For the sixth month in a row, the warm, sunny, previously desirable western markets are nowhere to be found in Realtor.com®'s ranking of the 20 hottest markets.
Southern markets have not appeared on this list for two months. Instead, the hottest markets in November were concentrated in the snowy Midwest and Northeast, spread across 11 states.
It is not the possibility of snowmen or ski trails that attracts homebuyers to these areas, but relatively low home prices.
Many cities in the western and southern states have seen affordability decline this year. By contrast, markets in the Northeast and Midwest have seen a more moderate price trajectory.
In fact, the average list price in the 20 hottest metros in November was $324,000, about 22.2 percent below the national median of $415,750 in November.
With these savings, it's no wonder that homes in these markets received 1.8 times more page views on Realtor.com than the typical real estate listing on the site.
In November, Manchester, New Hampshire was the hottest city for homebuyers for the 11th time in the past 12 months.
While home prices in Manchester are a bit on the high side at $487,000, the city is still a relative bargain compared to nearby central Boston.

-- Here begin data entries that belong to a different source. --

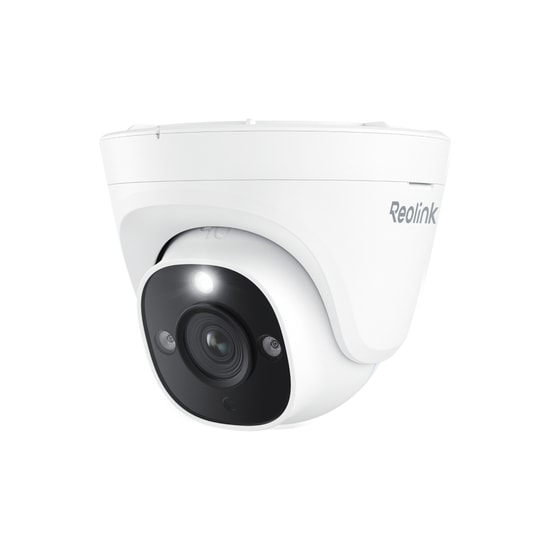 Reolink P334 8MP 2.8mm Lens 4K UHD PoE Dome Güvenlik Kamerası - 30m Renkli Gece Görüşü, IP67 Dayanıklı, Çift Yönlü Ses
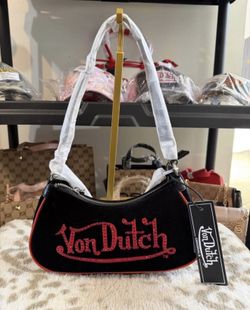 Von Dutch Shoulder Bags 
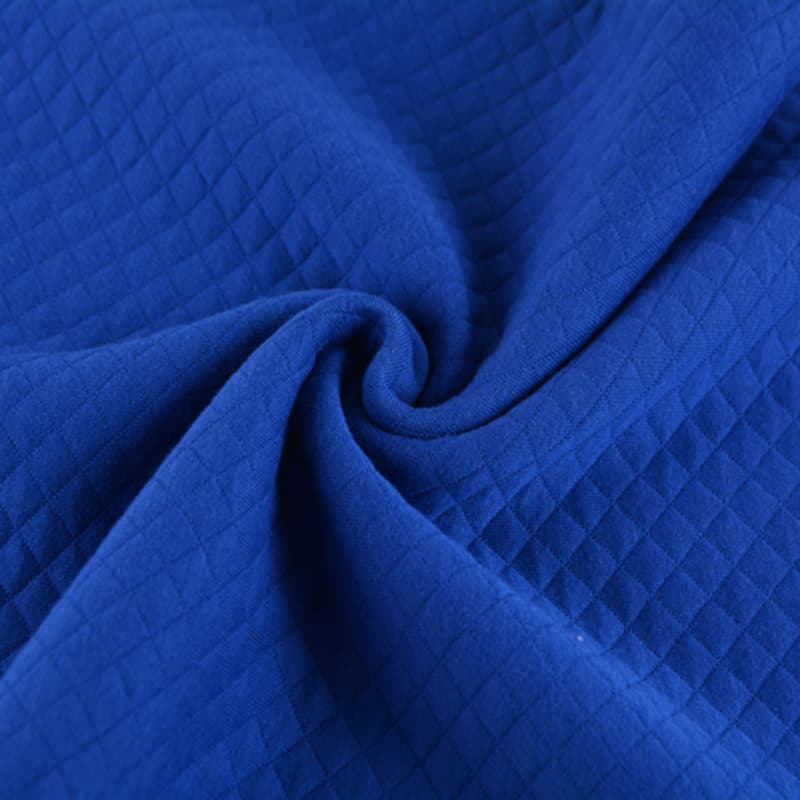 280GSM 70% Cotton 30% Polyester Sandwich Knitting Jacquard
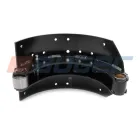 65420 Колодка тормозная 410х220; чугун; (накладки 19496); MAN (E/M/F 90/2000, TGA), MB (Actros/Atego/Aхor) MB LCV (1970-2020) MAN Bus (1970-2020), MB Actros; 6204200119 Auger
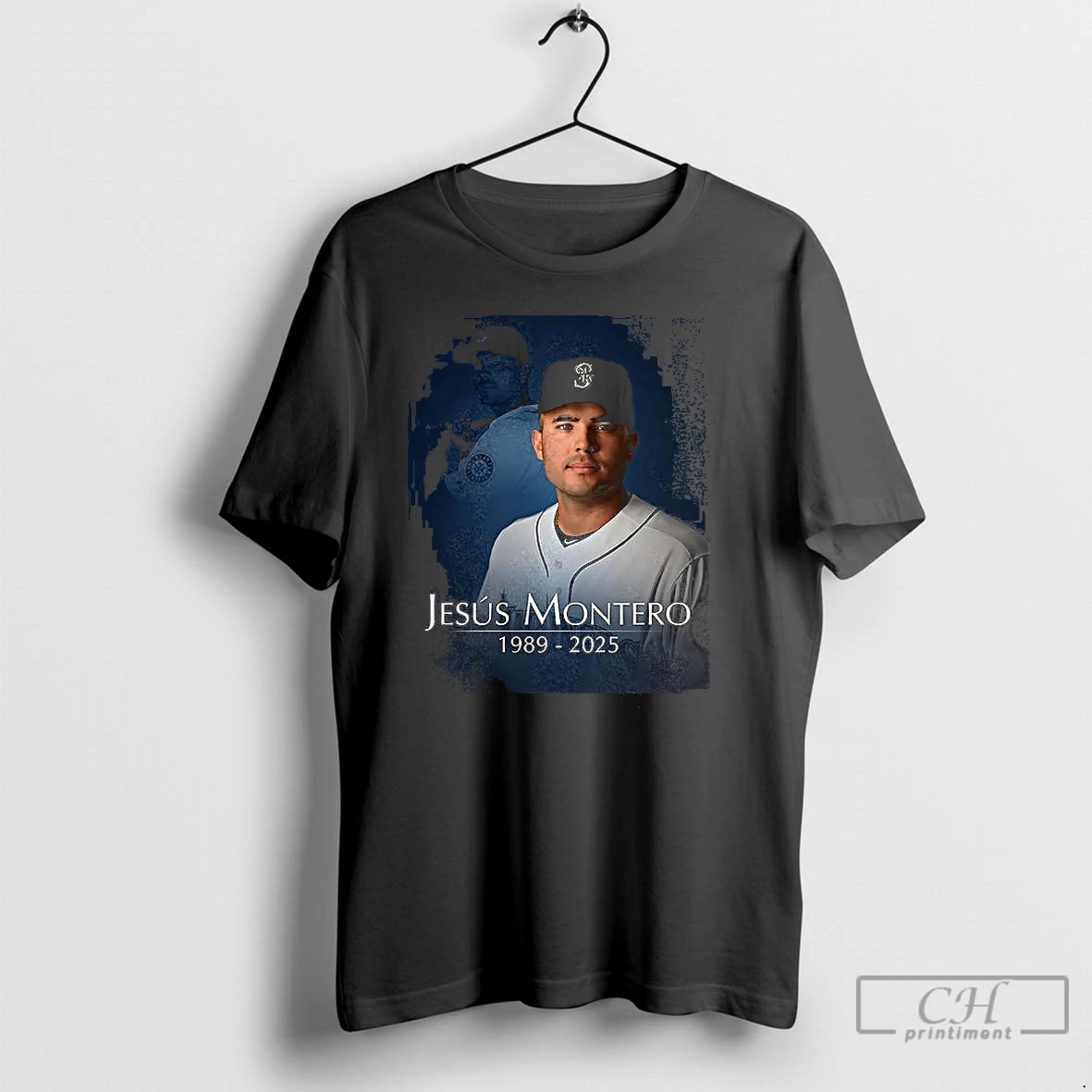 Classic Seattle Mariners Jesus Montero 1989 2025 T Shirts Hoodie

Manchester also offers other bottom-line benefits - namely, New Hampshire residents don't have to pay any state sales or income taxes.

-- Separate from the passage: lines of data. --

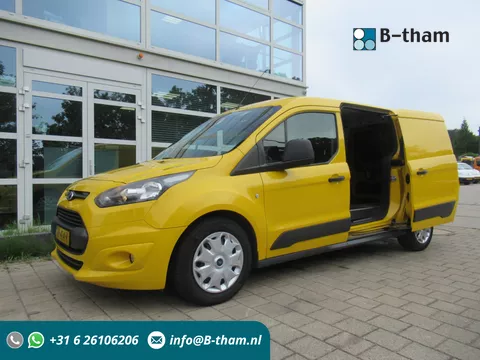 Ford Transit Connect 1.6 TDCI 70KW L2 Trend | Airco | trekhaak | 3 zits | 2x schuifdeur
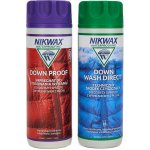 Nikwax Twin Pack Down Wash Direct / Down Proof 600 ml – Zboží Dáma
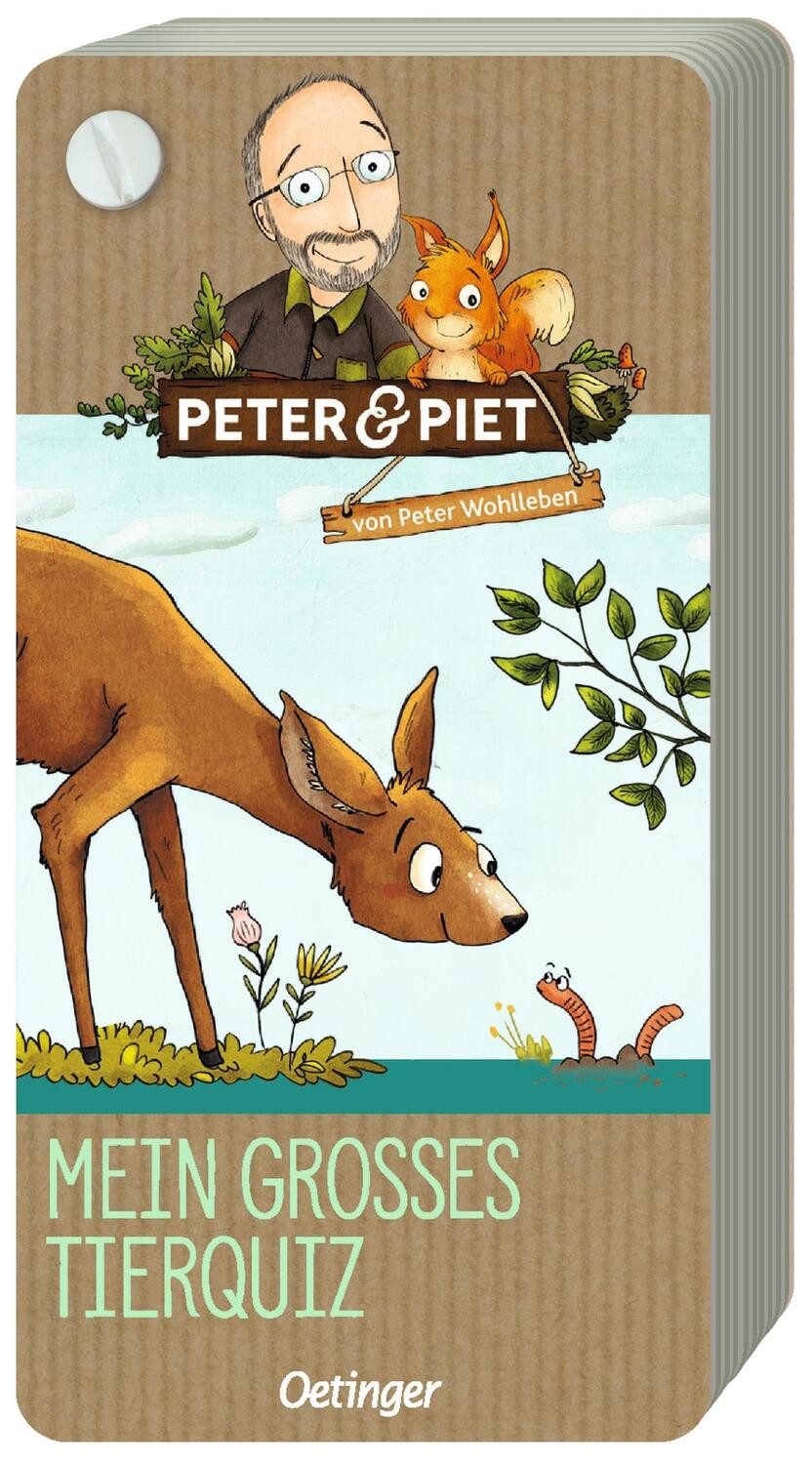 Oetinger Spiel, Peter & Piet. Mein großes Tierquiz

But it's not just the Liberty or Death state that attracts home shoppers.
The Northeast took a total of nine spots on November's list of hottest markets, with Massachusetts, New York and Connecticut joining New Hampshire.
Rochester, N.Y., was the second hottest market on the list, with a median home price of just $226,000 in November.
Many buyers, especially first-time homebuyers, found themselves hitting a financial ceiling on their path toward homeownership.
Mid-sized and smaller metro areas located near large employment centers that offer a good quality of life, desirable amenities and affordable housing have gained greater visibility.